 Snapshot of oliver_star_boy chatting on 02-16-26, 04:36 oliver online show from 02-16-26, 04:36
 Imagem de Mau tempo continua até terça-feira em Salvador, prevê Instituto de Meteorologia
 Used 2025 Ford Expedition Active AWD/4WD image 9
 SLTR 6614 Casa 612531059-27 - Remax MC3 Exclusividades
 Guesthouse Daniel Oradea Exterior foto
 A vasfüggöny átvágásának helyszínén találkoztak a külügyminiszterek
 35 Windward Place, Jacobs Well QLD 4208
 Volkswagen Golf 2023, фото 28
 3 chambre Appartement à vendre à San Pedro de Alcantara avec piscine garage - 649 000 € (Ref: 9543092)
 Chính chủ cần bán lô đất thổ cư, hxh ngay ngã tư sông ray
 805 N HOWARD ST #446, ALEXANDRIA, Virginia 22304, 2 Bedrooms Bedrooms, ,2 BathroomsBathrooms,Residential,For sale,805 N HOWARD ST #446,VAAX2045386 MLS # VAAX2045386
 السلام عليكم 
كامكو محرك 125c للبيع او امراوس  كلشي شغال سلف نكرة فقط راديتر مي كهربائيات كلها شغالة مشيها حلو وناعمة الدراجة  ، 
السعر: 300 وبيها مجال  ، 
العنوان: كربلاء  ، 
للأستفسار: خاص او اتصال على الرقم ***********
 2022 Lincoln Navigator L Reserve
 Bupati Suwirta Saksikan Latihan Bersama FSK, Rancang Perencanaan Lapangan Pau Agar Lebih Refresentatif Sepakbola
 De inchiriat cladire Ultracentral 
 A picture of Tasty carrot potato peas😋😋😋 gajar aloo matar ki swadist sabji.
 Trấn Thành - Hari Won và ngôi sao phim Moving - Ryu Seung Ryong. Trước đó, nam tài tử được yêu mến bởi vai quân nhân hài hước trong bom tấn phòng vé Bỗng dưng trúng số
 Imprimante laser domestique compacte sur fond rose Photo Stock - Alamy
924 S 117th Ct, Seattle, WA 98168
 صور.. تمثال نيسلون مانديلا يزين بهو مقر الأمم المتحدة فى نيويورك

● Task to carry out: What is wanted is every line above, written out exactly.

● Task response:
 Snapshot of oliver_star_boy chatting on 02-16-26, 04:36 oliver online show from 02-16-26, 04:36
 Imagem de Mau tempo continua até terça-feira em Salvador, prevê Instituto de Meteorologia
 Used 2025 Ford Expedition Active AWD/4WD image 9
 SLTR 6614 Casa 612531059-27 - Remax MC3 Exclusividades
 Guesthouse Daniel Oradea Exterior foto
 A vasfüggöny átvágásának helyszínén találkoztak a külügyminiszterek
 35 Windward Place, Jacobs Well QLD 4208
 Volkswagen Golf 2023, фото 28
 3 chambre Appartement à vendre à San Pedro de Alcantara avec piscine garage - 649 000 € (Ref: 9543092)
 Chính chủ cần bán lô đất thổ cư, hxh ngay ngã tư sông ray
 805 N HOWARD ST #446, ALEXANDRIA, Virginia 22304, 2 Bedrooms Bedrooms, ,2 BathroomsBathrooms,Residential,For sale,805 N HOWARD ST #446,VAAX2045386 MLS # VAAX2045386
 السلام عليكم 
كامكو محرك 125c للبيع او امراوس  كلشي شغال سلف نكرة فقط راديتر مي كهربائيات كلها شغالة مشيها حلو وناعمة الدراجة  ، 
السعر: 300 وبيها مجال  ، 
العنوان: كربلاء  ، 
للأستفسار: خاص او اتصال على الرقم ***********
 2022 Lincoln Navigator L Reserve
 Bupati Suwirta Saksikan Latihan Bersama FSK, Rancang Perencanaan Lapangan Pau Agar Lebih Refresentatif Sepakbola
 De inchiriat cladire Ultracentral 
 A picture of Tasty carrot potato peas😋😋😋 gajar aloo matar ki swadist sabji.
 Trấn Thành - Hari Won và ngôi sao phim Moving - Ryu Seung Ryong. Trước đó, nam tài tử được yêu mến bởi vai quân nhân hài hước trong bom tấn phòng vé Bỗng dưng trúng số
 Imprimante laser domestique compacte sur fond rose Photo Stock - Alamy
924 S 117th Ct, Seattle, WA 98168
 صور.. تمثال نيسلون مانديلا يزين بهو مقر الأمم المتحدة فى نيويورك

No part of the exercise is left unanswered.